### Dataset excerpt
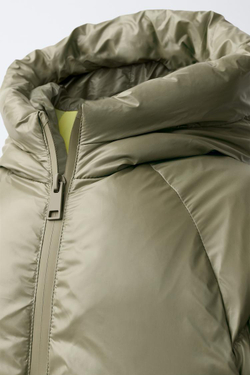 ZARA ПРОРЕЗИНИРОВАННОЕ СТЕГАНОЕ ПАЛЬТО WATER REPELLENT, ХАКИ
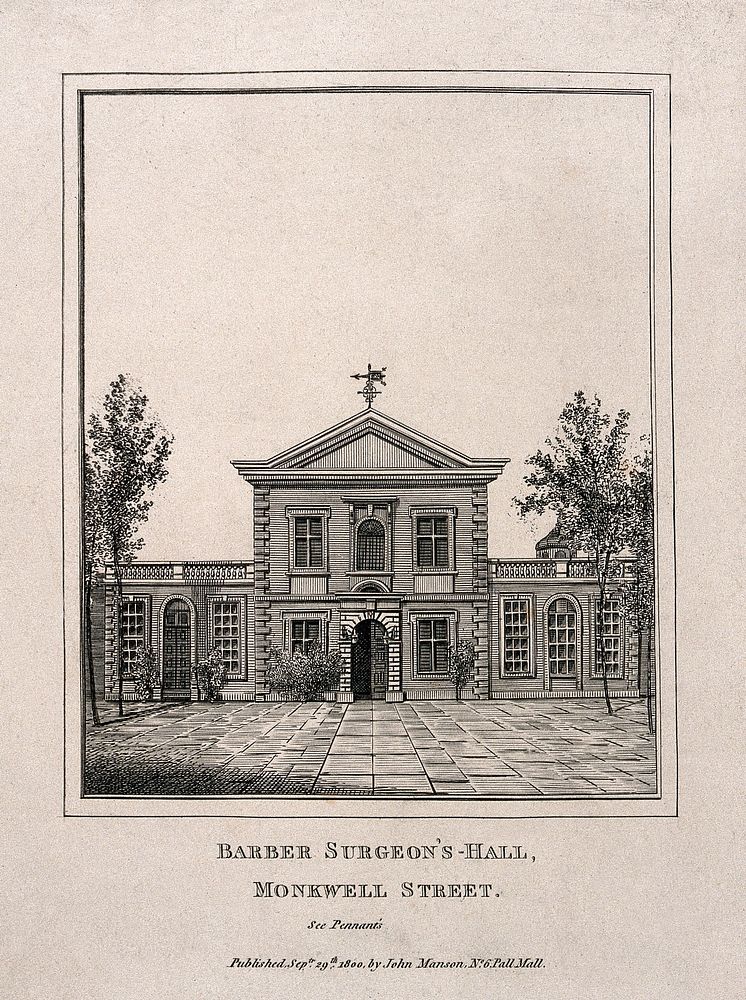 Barber-Surgeon's Hall, Monkwell Street, London: the facade. Engraving.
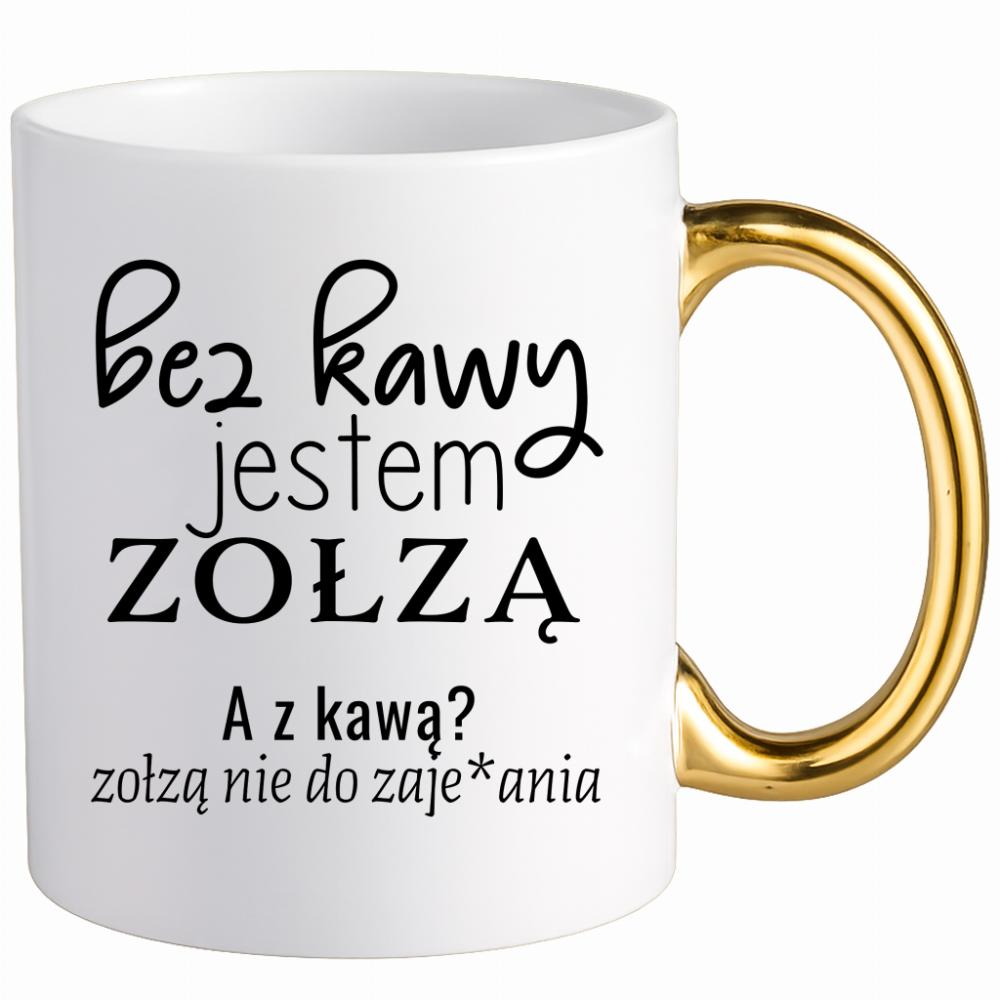 z kawą jestem zołzą nie do zaje#ania kubek ucho złote kolor różowy latte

### How to complete this task
Any picture found in the data is to be skipped while the rest is copied exactly.

### Task answer
 ZARA ПРОРЕЗИНИРОВАННОЕ СТЕГАНОЕ ПАЛЬТО WATER REPELLENT, ХАКИ
 Barber-Surgeon's Hall, Monkwell Street, London: the facade. Engraving.
 z kawą jestem zołzą nie do zaje#ania kubek ucho złote kolor różowy latte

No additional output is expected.